Luncheon meetings are held in Hill View's basement where the parents' organization has created the Harmony's Nest, a place where student council, clubs, and other student organizations can get together.
Letters are "mailed" in cardboard boxes. Mrs. Brenner reads through the letters before delivering them; return mail is reviewed for content for safety reasons. Pen pals are on a first-name basis, although that can be amended to include the initial of the pen pal's last name. Jim P., for example, was one of the pen pals last week who gladly accepted another dish of ice cream.
Cody, the third-grader who offered seconds, asked Jim P. - P for Paxton - what he wanted on top of the cold treat. "I'll have everything," he said, joking with the students that he's not watching his weight.

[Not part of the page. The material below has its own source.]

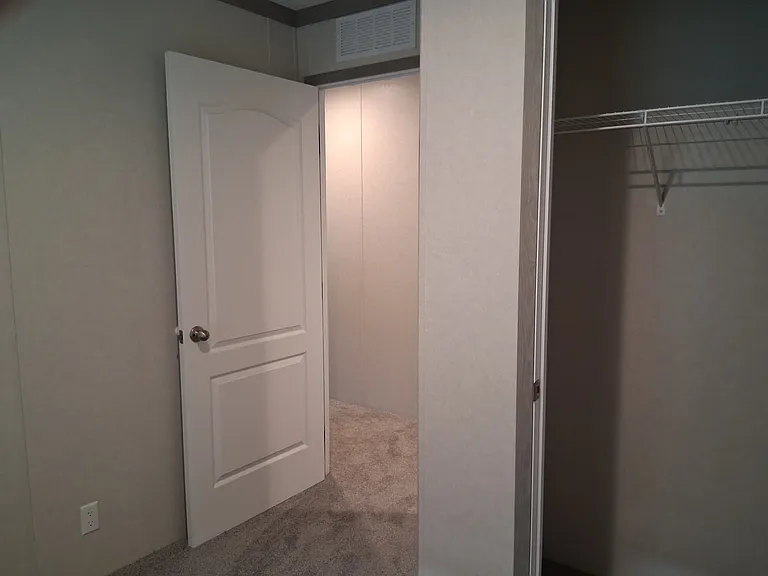 Freeland — Photo 12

And then he asked, "Is that fattening?" when Cody handed him a sundae loaded with toppings.
Mr. Paxton and other residents of Harborside Healthcare of Sylvania, just a couple blocks from Hill View, have been pen pals with the students. Harborside staff members are pen pals, too.
Mr. Paxton said his pen pal, Feross Ballut, 9, matched up with how he pictured the student - "nice, neat, and quiet."

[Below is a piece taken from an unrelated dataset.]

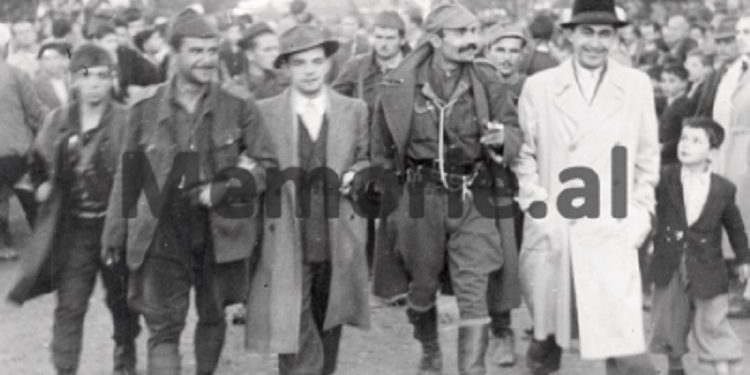 “Më 13 nëntor ’44, partizanët e Halit Tafanit na vranë babanë në oborr”, dëshmia e rrallë dhe emrat e 37 personave që u ekzekutuan te…(fotot e panjohura)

"You don't yell or scream, do you?" he teased as he talked with Feross, who replied, "Only at recess."
Mr. Paxton described the pen pal club as "clever. I think it's a good idea."
Ice cream was donated by Cindy and Ben Rowe, who operate the Dairy Queen at Alexis and Tremainsville roads, Mrs. Brenner said.
Their son Ben, Jr., is a first grader at Hill View.
Katie Montgomery, 9, and Ann Desser, a resident of Harborside, were pleased to meet each other. "I've been writing to her since the beginning of the school year," Katie said.
Ms. Desser has shared information with Katie about what fun things she likes to do, such as watch TV, read books, paint, and play bingo.
Harborside residents gave their pen pals handmade collages, and the Hill View pen pals gave the residents photographs.
"She gave me her picture which is very nice," Ms. Desser said.
Katlyn Johns, 9, visited with her pen pal, Katie Mills, activities assistant at Harborside.
"I think it's nice to see the pen pals and not just write cards to them. It's nice to get to talk to each other," said Katlyn, who said she and Ms. Mills discovered that both like Mexican food and their favorite snack is the same: bananas and peanut butter.
Cody, who is pen pals with Sandy S., said the pen pal program is so successful because it "is good inspiration for letter writing."
He added: "It's a very good way to make friends."